I’m about to head home after having attended SES San Jose for the third time in my Internet marketing career. My thoughts on the conference are mixed: I thought the SEO-focused sessions that I attended were solid (Search: Where to Next?, Search on a Dime, the Advanced SEO Roundtable with the always entertaining Todd Friesen), especially for beginners, and that, per usual, the lunches were atrocious (pasta salad, soggy sandwiches, shiny hot dogs and cafeteria-style pizza squares three days in a row).

However, I’d say that, overall, the social media tracks were a disappointment. I heard from a lot of people that Turning the Social Web into Real ROI was a disaster, and that the panelists ended up talking about the Facebook ad network the entire time instead of focusing on ROI as a whole. As I blogged earlier this week, I thought Igniting Viral Campaigns was a mixed bag, but what was really perplexing was the fact that the programmers put two social media sessions opposite each other, scheduling Igniting Viral Campaigns and Social Media for the Little Guy at the same time. When there’s a limited number of social media tracks, you don’t want to pit two against each other and risk splitting your audience who has a social media interest. It just seemed like poor programming to me.

Managing Conversations and Reputations felt extremely general and basic, with more of an emphasis on “what is social media marketing” than actual takeaways and advice. I already shared my opinion of the Black Hat vs. White Hat session, and I heard from attendees that the Twitter and Blogging site clinic was extremely repetitive, with the panelists focusing way more on Twitter than on blogging and giving the same advice for each Twitter account (maybe this should have been a session instead of a clinic to avoid repetition?).

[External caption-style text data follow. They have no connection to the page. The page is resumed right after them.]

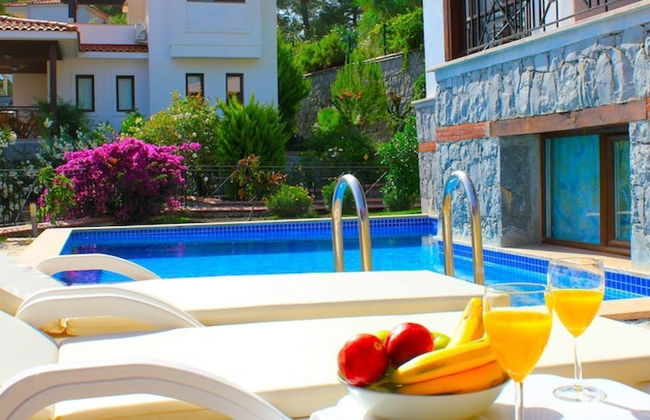 Silverhill Villas by Villa Safiya - Foto 24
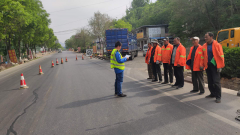 膠海線開工感想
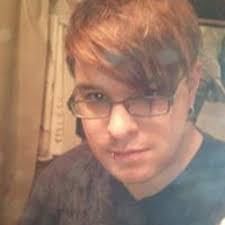 Aaron Benton's Instagram, Twitter & Facebook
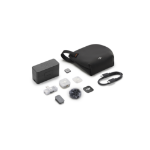 DJI Mic Mini 2 1 TX + 1 Mobile RX + Charging Case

I love that search conferences are incorporating more social media tracks into their programming, but I think that the sessions need a bit more organization. SES’s social media tracks don’t feel as if they had any organization or quality control–I get the impression that there was little to no communication between the panelists prior to the conference to go over what everyone was going to talk about in order to avoid overlap and ensure that the flow of the session runs smoothly.

I checked out SMX East’s agenda and felt that the social media tracks are almost an afterthought, with all of them falling on the last day of the conference. Both SMX and SES lacked the always-popular link bait session and clinic, which I always felt was one of the more entertaining and valuable social media sessions. So what’s going on here? With SMX quickly putting the kibosh on their small Social Media conference and both series phoning in their social media tracks, why does there seem to be weaker emphasis despite the fact that social media continues to get bigger and bigger?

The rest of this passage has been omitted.